Short descriptive text snippets:
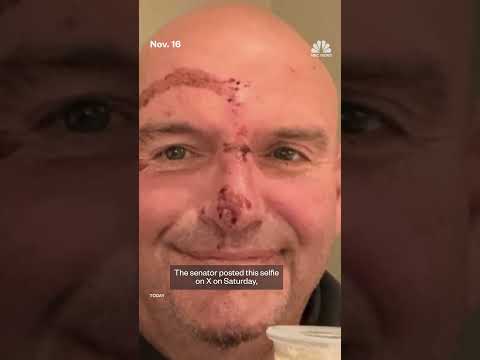 Sen. Fetterman at home after cardiac episode and fall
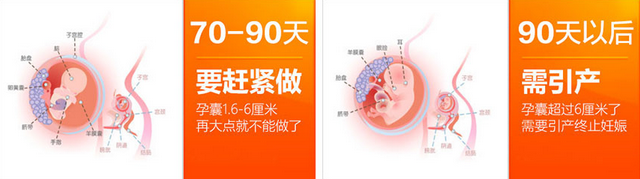 1470814437930734.png blob.png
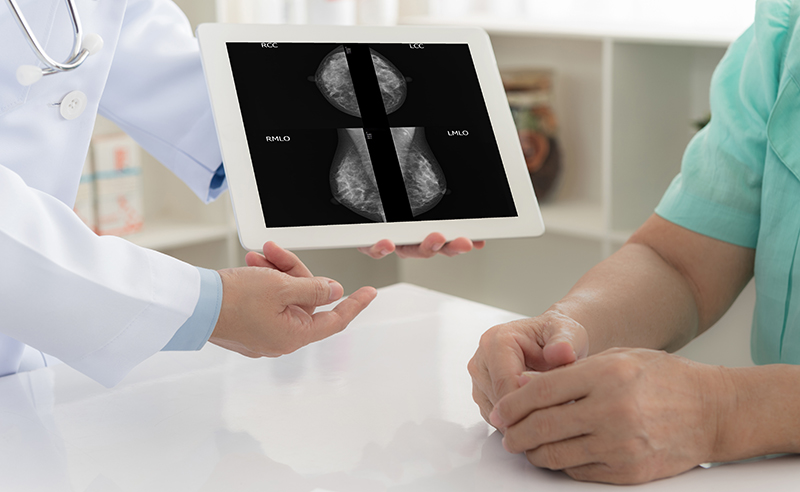 Catching Breast Cancer Earlier: 3D Breast Imaging Can Boost Cancer Detection Rates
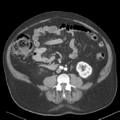 Bladder papillary urothelial carcinoma (Radiopaedia 48119-52951 A 29).png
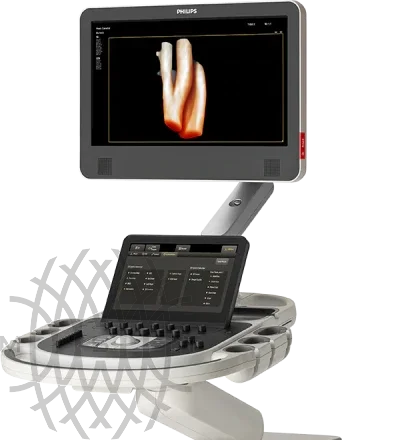 Philips EPIQ CVx ультразвуковой аппарат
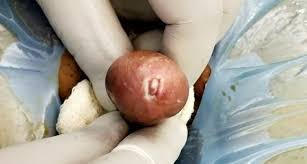 Rawatan perlu dilakukan segera sekiranya ia menyebabkan komplikasi. Fimosis Sekunder Selepas Berkhatan Klinik Dr Hasbi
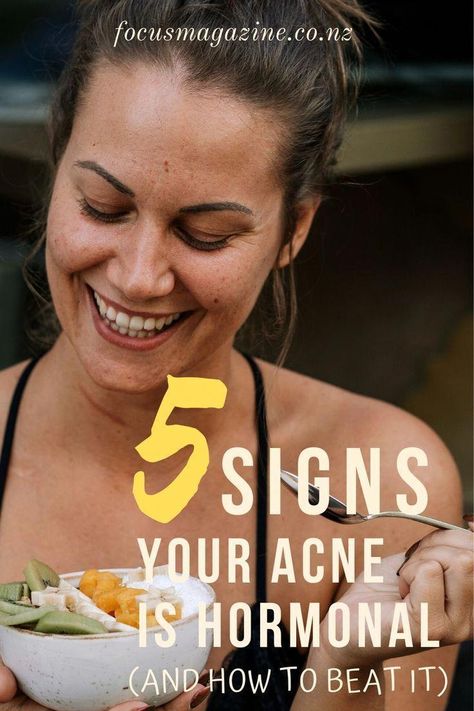 Hormonal Acne Skincare Routine, Hormonal Acne Skincare, Skincare Routine Acne, Cheek Acne, Hormonal Acne Diet, Acne Diet, Forehead Acne, Pimples Under The Skin, Bad Acne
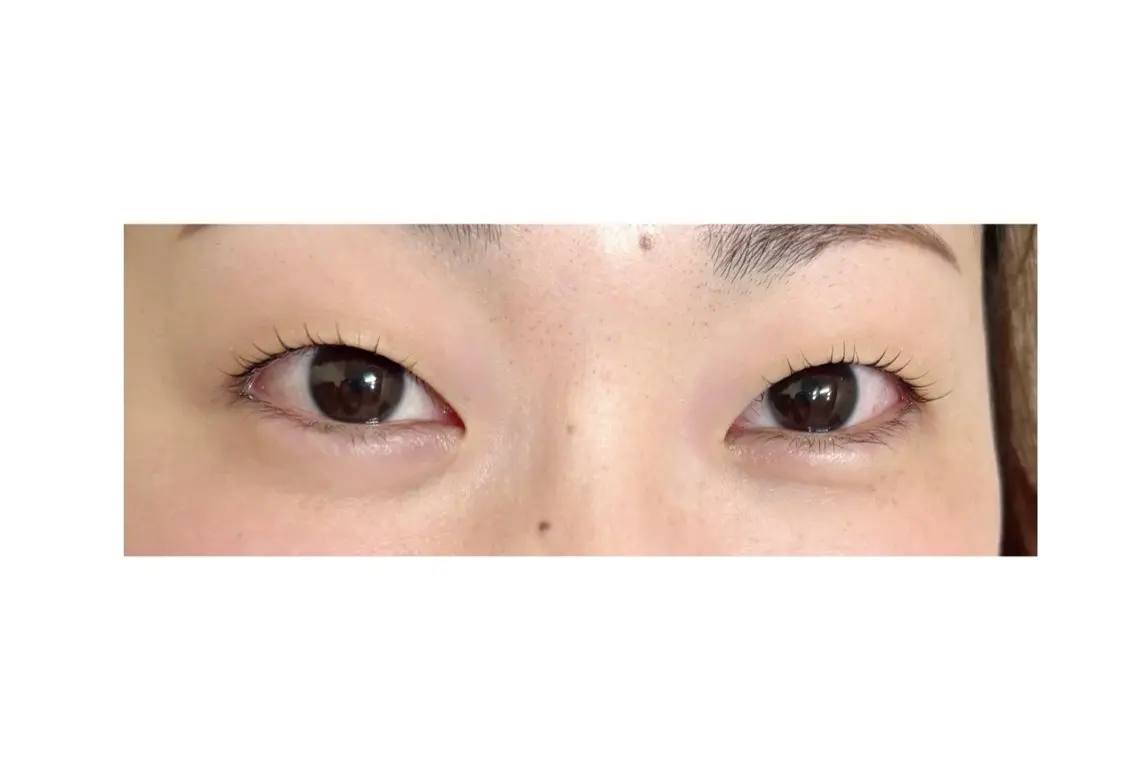 マツエク・マツパ 一重×まつ毛パーマ eyelist yoshinoのマツエク・マツパデザイン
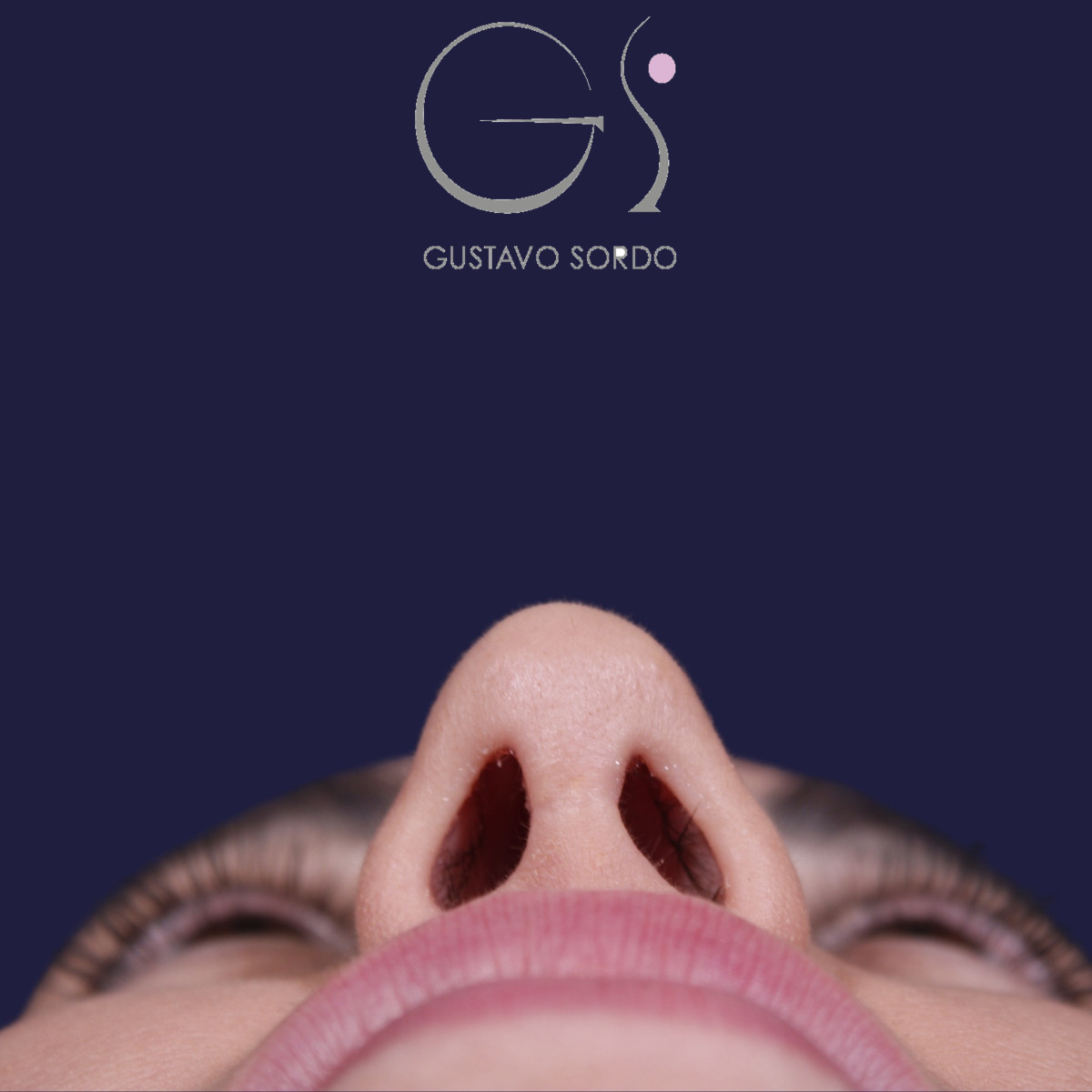 Rhinoplastie ultrasonique réalisée sur un patient – résultat. Intervention réalisée par le Dr Gustavo Sordo à Madrid.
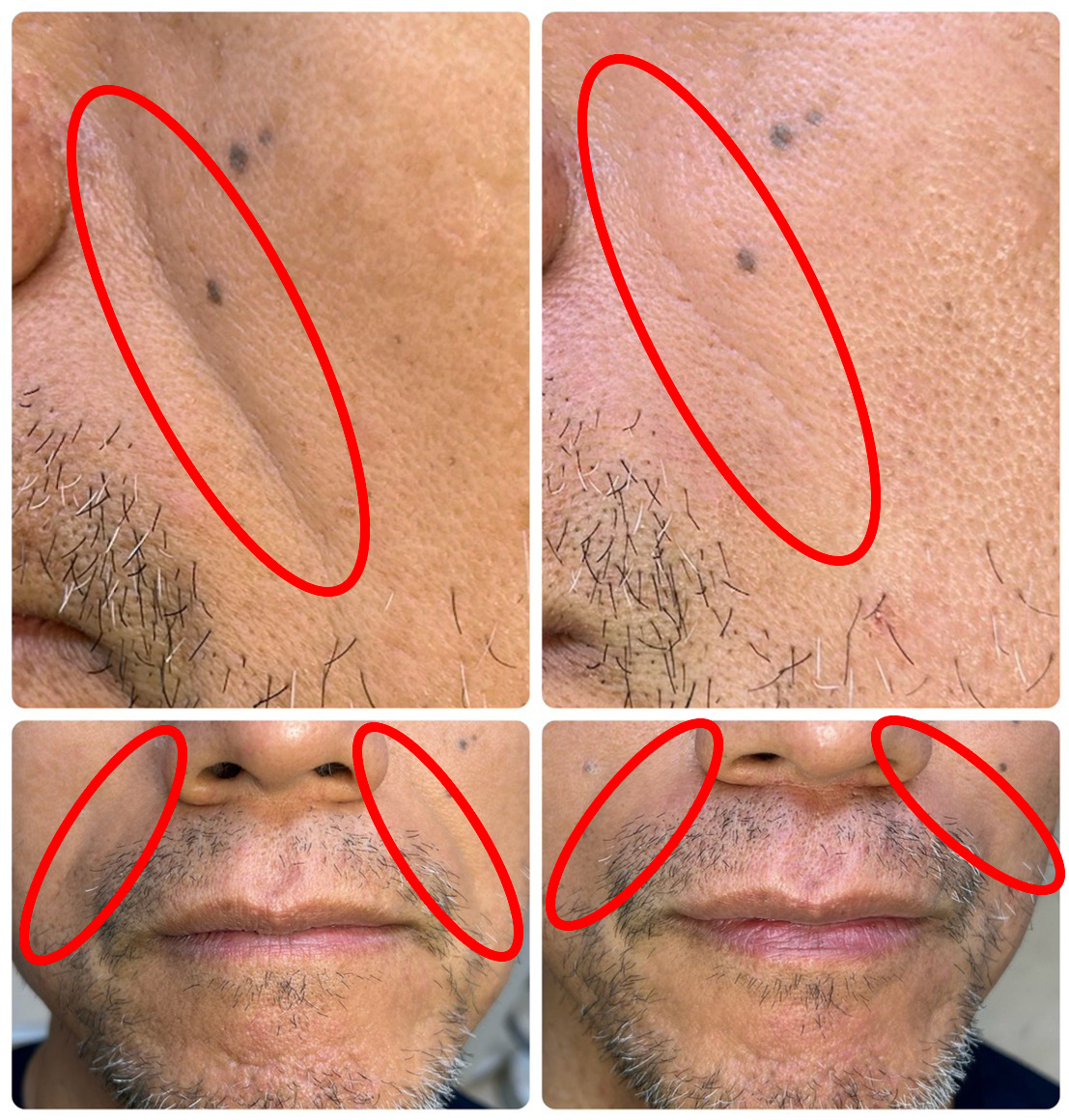 ヒアルロン酸注入によるほうれい線治療の症例.1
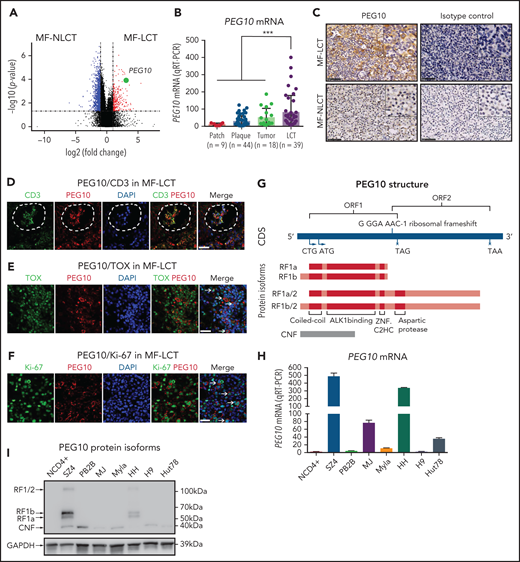 Expression and prognosis analysis of PEG10 in MF. (A) Volcano plot of upregulated (red) and downregulated (blue) DEGs (fold change ≥2 or ≤−2 and P <.05) between MF-LCT and MF-NLCT group and PEG10 gene pointed out in green color. (B) PEG10 mRNA expression in lesion-biopsied samples with different T stages of MF and MF-LCT. *P < .001, n = 110. qRT-PCR, real-time quantitative reverse transcription PCR. (C) Representative immuno-histochemical evaluation of PEG10 on lesion-biopsied samples from MF-LCT and MF-NLCT patients, IgG isotype controls serve as negative controls. Original magnification ×200, insets ×400, scale bar = 50 μm. (D) Immunofluorescence (IF) costaining of PEG10 (red) and CD3 (green) on a lesional biopsy specimen of tumor-stage MF-LCT. Pautrier’s microabscess pointed out with a dashed line circle. (E,F) IF costaining of PEG10 (red) and TOX (green). (E) PEG10 (red) and Ki-67 (green). (F) On lesional biopsy specimens of tumor-stage MF-LCT. DAPI (blue) used to visualize cell nuclei. Original magnification x400, scale bar = 25 μm. (G) The structure of PEG10 coding sequence (CDS) and protein isoforms. (H,I) PEG10 mRNA (H) and protein (I) expression levels among 7 CTCL lines and CD4+ T cells from normal controls (NCD4+). (J) OS and PFS of MF patients stratified by PEG10 expression from a discovery cohort of 49 RNA-seq samples and validation cohort of extended 70 MF samples via Kaplan-Meier survival analysis. (K) TTNT for HDACis in PEG10-low and PEG10-high patients via Kaplan–Meier analysis (n = 21 treatment episodes). **P < .05; ***P < .01.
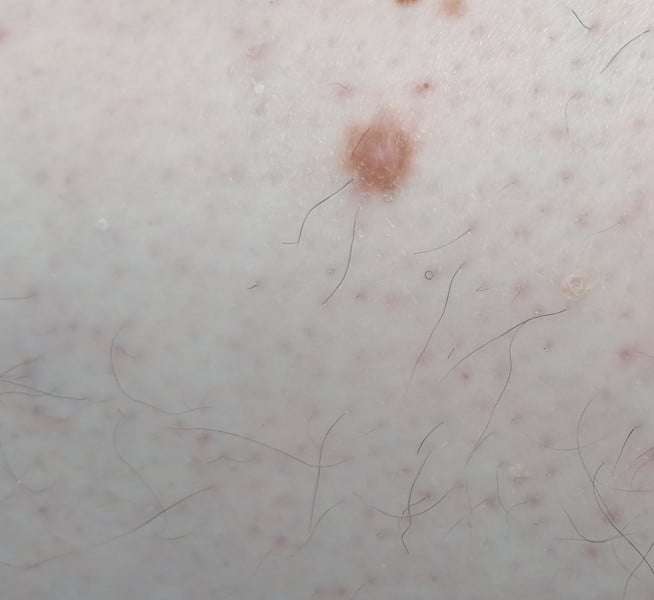 Is this mole something to worry about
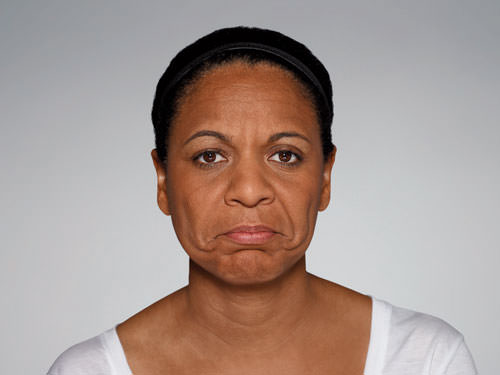 Restylane Defyne Before & After Gallery - Patient 123437 - Image 5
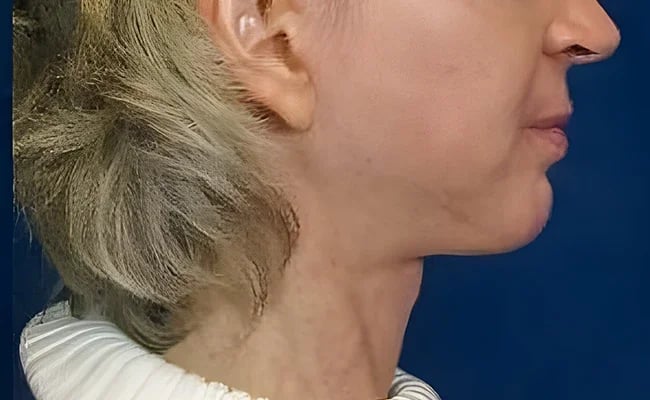 Facelift after surgery – Murrieta Facial Plastic Surgery, case 15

__WHAT THE EXERCISE ASKS__
Your answer should consist of the lines above between those holding "1470814437930734.png blob.png" and "ヒアルロン酸注入によるほうれい線治療の症例.1", inclusive, reproduced word for word and without pictures.

__ANSWER BOX__
 1470814437930734.png blob.png
 Catching Breast Cancer Earlier: 3D Breast Imaging Can Boost Cancer Detection Rates
 Bladder papillary urothelial carcinoma (Radiopaedia 48119-52951 A 29).png
 Philips EPIQ CVx ультразвуковой аппарат
 Rawatan perlu dilakukan segera sekiranya ia menyebabkan komplikasi. Fimosis Sekunder Selepas Berkhatan Klinik Dr Hasbi
 Hormonal Acne Skincare Routine, Hormonal Acne Skincare, Skincare Routine Acne, Cheek Acne, Hormonal Acne Diet, Acne Diet, Forehead Acne, Pimples Under The Skin, Bad Acne
 マツエク・マツパ 一重×まつ毛パーマ eyelist yoshinoのマツエク・マツパデザイン
 Rhinoplastie ultrasonique réalisée sur un patient – résultat. Intervention réalisée par le Dr Gustavo Sordo à Madrid.
 ヒアルロン酸注入によるほうれい線治療の症例.1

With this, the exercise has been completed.